20 Aralık 2014 Cumartesi

ATATÜRK NUTUK' ta Ermeni Konusu Genel Durum ve Görünüş ...








ATATÜRK'TEN ERMENi SORUNU

"Ermeni meselesi denilen ve Ermeni milletinin gerçek çıkarlarından ziyade dünya kapitalistlerinin ekonomik çıkarlarına göre halledilmek istenen mesele, Kars Antlaşmasıyla en doğru çözüm şeklini buldu. Asırlardan beri dostane yaşayan iki çalışkan halkın dostluk bağları memnuniyetle tekrar kuruldu."
Mustafa Kemal Atatürk


NUTUK' ta Ermeni Konusu Genel Durum ve Görünüş ...

Ermeni Patriği Zaven Efendi de, Mavri Mira Heyeti ile birlikte çalışıyor. Ermeni hazırlığı da tıpkı Rum hazırlığı gibi ilerliyor. (s. 2)

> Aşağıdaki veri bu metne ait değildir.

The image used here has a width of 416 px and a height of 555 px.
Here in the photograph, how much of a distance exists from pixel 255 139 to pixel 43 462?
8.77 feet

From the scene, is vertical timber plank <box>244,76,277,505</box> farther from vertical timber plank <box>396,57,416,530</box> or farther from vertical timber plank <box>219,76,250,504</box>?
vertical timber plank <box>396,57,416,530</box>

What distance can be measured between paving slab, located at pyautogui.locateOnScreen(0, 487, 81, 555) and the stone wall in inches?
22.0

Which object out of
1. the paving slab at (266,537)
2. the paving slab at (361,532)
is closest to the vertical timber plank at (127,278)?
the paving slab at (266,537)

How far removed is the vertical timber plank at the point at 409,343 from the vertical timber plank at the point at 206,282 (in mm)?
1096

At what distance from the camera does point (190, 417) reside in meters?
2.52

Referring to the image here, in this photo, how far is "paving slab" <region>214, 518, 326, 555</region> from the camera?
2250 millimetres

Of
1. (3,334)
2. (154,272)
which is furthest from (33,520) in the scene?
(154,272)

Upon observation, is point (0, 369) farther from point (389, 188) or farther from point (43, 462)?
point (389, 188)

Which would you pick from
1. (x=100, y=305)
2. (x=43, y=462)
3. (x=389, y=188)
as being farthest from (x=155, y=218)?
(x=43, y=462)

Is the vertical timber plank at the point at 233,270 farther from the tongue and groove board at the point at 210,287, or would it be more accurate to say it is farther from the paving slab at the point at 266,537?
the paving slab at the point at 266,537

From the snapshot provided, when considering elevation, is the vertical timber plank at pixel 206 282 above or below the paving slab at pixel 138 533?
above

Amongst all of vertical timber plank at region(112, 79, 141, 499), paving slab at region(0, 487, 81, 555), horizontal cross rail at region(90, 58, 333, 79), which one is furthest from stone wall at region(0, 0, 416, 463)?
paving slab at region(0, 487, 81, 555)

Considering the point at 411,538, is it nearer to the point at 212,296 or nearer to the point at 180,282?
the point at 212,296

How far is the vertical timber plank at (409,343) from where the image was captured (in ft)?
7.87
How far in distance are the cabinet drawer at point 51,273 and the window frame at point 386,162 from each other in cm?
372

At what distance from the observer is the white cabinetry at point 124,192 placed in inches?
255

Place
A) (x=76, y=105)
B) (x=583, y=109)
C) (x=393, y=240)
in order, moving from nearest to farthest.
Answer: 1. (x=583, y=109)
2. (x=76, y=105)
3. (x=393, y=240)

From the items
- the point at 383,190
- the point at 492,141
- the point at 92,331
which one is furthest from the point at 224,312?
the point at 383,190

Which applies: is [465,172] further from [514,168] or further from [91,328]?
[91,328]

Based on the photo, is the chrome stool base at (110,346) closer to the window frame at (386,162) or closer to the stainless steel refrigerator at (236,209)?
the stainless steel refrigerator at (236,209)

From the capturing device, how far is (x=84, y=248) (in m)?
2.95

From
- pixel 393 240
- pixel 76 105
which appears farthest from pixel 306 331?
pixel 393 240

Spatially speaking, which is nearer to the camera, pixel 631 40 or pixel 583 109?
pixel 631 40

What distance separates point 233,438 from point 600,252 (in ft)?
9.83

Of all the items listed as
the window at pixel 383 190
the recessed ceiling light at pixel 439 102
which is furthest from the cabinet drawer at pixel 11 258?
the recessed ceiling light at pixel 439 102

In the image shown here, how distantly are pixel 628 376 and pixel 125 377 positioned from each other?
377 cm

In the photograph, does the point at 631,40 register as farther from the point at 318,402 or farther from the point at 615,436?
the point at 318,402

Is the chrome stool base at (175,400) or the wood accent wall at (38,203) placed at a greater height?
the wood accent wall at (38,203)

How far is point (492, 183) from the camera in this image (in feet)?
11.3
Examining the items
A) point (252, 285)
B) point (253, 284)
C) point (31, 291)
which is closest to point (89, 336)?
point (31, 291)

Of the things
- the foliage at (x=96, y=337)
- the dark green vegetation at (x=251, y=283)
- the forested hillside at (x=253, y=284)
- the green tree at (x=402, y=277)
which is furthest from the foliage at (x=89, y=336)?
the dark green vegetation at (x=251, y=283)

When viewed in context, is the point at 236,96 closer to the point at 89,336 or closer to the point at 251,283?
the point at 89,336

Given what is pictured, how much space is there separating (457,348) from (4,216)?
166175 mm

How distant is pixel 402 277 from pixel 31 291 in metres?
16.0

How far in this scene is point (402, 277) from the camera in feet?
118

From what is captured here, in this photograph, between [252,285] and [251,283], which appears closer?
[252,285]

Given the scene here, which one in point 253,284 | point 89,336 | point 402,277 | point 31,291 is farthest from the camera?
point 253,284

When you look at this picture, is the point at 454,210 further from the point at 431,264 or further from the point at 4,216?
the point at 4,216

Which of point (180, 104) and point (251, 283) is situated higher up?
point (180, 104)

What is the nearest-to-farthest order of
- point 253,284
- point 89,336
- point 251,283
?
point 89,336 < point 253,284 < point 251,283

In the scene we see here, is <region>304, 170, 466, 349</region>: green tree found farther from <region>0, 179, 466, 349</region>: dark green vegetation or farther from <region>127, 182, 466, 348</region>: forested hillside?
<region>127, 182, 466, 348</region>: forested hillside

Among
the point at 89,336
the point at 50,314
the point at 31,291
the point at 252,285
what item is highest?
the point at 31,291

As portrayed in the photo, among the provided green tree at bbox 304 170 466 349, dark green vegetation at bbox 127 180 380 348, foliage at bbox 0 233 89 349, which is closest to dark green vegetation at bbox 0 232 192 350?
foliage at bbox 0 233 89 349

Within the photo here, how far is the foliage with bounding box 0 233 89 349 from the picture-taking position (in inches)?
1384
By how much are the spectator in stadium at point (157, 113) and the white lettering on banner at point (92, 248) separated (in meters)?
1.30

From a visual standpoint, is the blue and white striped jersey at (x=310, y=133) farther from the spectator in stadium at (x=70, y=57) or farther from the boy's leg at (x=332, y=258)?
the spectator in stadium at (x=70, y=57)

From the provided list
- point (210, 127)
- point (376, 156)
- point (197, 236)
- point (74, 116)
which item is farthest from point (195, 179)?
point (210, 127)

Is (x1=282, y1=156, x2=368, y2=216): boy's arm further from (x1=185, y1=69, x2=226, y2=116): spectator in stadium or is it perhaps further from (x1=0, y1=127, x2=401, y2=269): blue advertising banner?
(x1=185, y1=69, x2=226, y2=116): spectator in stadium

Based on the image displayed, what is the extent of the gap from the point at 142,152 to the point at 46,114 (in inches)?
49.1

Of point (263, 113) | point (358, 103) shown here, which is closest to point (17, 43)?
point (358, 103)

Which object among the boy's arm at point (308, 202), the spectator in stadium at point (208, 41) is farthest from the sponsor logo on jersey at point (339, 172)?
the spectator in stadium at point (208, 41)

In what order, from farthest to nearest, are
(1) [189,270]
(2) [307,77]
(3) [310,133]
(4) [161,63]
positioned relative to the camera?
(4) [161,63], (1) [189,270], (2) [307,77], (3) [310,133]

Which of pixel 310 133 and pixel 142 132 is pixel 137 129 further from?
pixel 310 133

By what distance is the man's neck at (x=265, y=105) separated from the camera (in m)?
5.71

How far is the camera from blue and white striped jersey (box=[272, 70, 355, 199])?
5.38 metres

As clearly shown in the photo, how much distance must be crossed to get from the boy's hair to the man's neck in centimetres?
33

... Milli kuruluşlar siyasi amaç ve hedefleri

... Vilayet-i Şarkiye Müdafaa-i Hukuk-i Milliye Cemiyeti'nin kuruluş amacı da (tüzüklerinin 2. maddesi), Doğu illerinde oturan bütün halkın dini ve siyasi haklarının serbestçe kullanılmasını sağlayacak meşru yollara başvurmak, bu illerdeki Müslüman halkın tarihi ve milli haklarını gerektiğinde medeniyet dünyası karşısında savunmak, Doğu illerinde yapılan zulüm ve cinayetlerin sebepleri ile bunları isleyenler ve sebep olanlar hakkında tarafsız soruşturma yapılarak suçluların süratle cezalandırılmalarını istemek. Yerli halk ile azınlıklar arasındaki anlaşmazlığın giderilmesine ve eskiden olduğu gibi iyi ilişkilerin sağlamlaştırılmasına gayret etmek, savaş durumunun Doğu illerinde yarattığı yıkım ve yoksulluğa, hükümet nezdinde teşebbüslerde bulunarak elden geldiğince çare aramaktan ibaretti. (s. 3)

Istanbul'daki yönetim merkezinden verilmiş olan bu direktife uygun olarak Erzurum şubesi, Doğu illerinde Türk'ün haklarını korumakla birlikte, Ermeni göçü sırasında görülen kötü davranışlarla halkın hiçbir ilgisi bulunmadığını, Ermeni mallarının Rus istilasına kadar korunduğunu, buna karşılık Müslümanlara pek gaddarca davranıldığını; hatta verilen emre aykırı olarak, göçten alıkonan bazı Ermenilerin koruyucularına karşı yaptıkları kötülükleri, güvenilir belgelerle medeniyet dünyasına duyurmaya ve Doğu illerine dikilmiş olan hırs yüklü bakışları hükümsüz bırakacak çalışmalar yapmaya karar veriyor (s. 3) ...
... Vilayet-i Şarkiye Müdafaa-i Hukuk-i Milliye Cemiyeti'nin kurulusuna yol açan asil sebep ve düşünce, Doğu illerinin Ermenistan'a verilmesi ihtimali oluyor. Bu ihtimalin gerçekleşmesinin de Doğu illeri nüfusunda Ermenilerin çoğunlukta gösterilmesine ve tarihi haklar bakımından onlara öncelik tanınmasına çalışanların, ilmi ve tarihi belgelerle dünya kamuoyunu aldatmayı başarmalarına ve bir de Müslüman halkın Ermenileri topluca öldüren barbarlar olduğu iftirasının bir gerçekmiş gibi kabulüne bağlı olduğu düşüncesi ağır basıyor. Işte bundan dolayıdır ki, dernek, ayni gerekçeye dayanarak ve ayni yollardan yürüyerek tarihi ve milli hakları savunmaya çalışıyor. (s. 4)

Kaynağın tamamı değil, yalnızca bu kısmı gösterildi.